> **REQUIRED WORK**
Go to the line that contains "Bildungsgerechitgkeit und Gymnasium" in the listing below, then output it and every line after it exactly, omitting pictures.

> **RECORDS SHOWN**

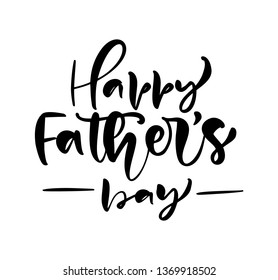 Happy Father s Day lettering black vector calligraphy text. Modern vintage lettering handwritten phrase. Best dad ever illustration
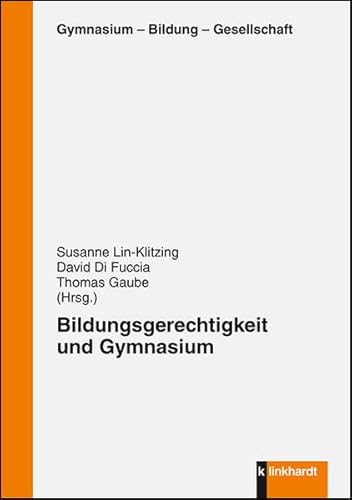Bildungsgerechitgkeit und Gymnasium (Gymnasium - Bildung - Gesellschaft)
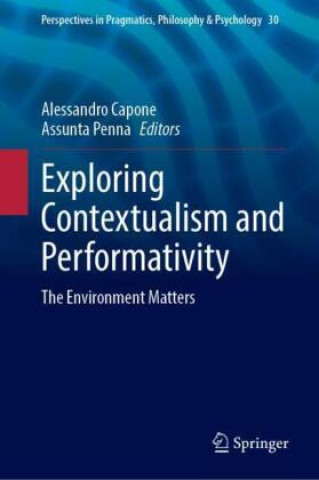 Knjiga Exploring Contextualism and Performativity Alessandro Capone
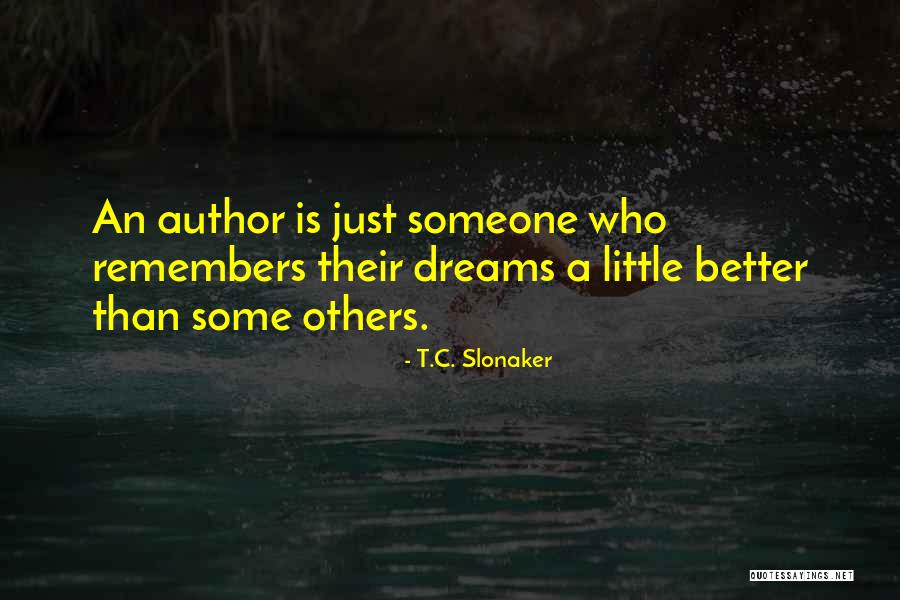 Slonaker Quotes By T.C. Slonaker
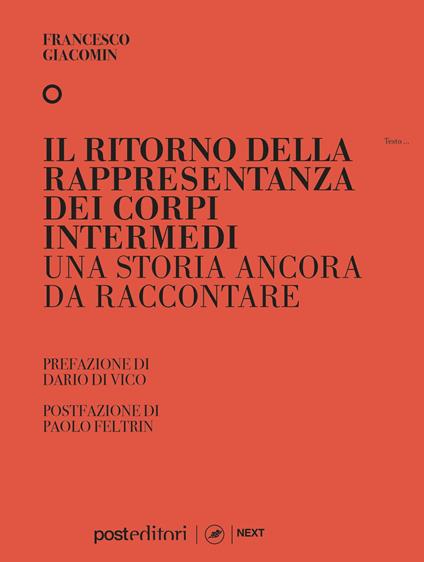 Il ritorno della rappresentanza dei corpi intermedi. Una storia ancora da raccontare - Francesco Giacomin - copertina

> **RESULT OF THE TASK**
Bildungsgerechitgkeit und Gymnasium (Gymnasium - Bildung - Gesellschaft)
 Knjiga Exploring Contextualism and Performativity Alessandro Capone
 Slonaker Quotes By T.C. Slonaker
 Il ritorno della rappresentanza dei corpi intermedi. Una storia ancora da raccontare - Francesco Giacomin - copertina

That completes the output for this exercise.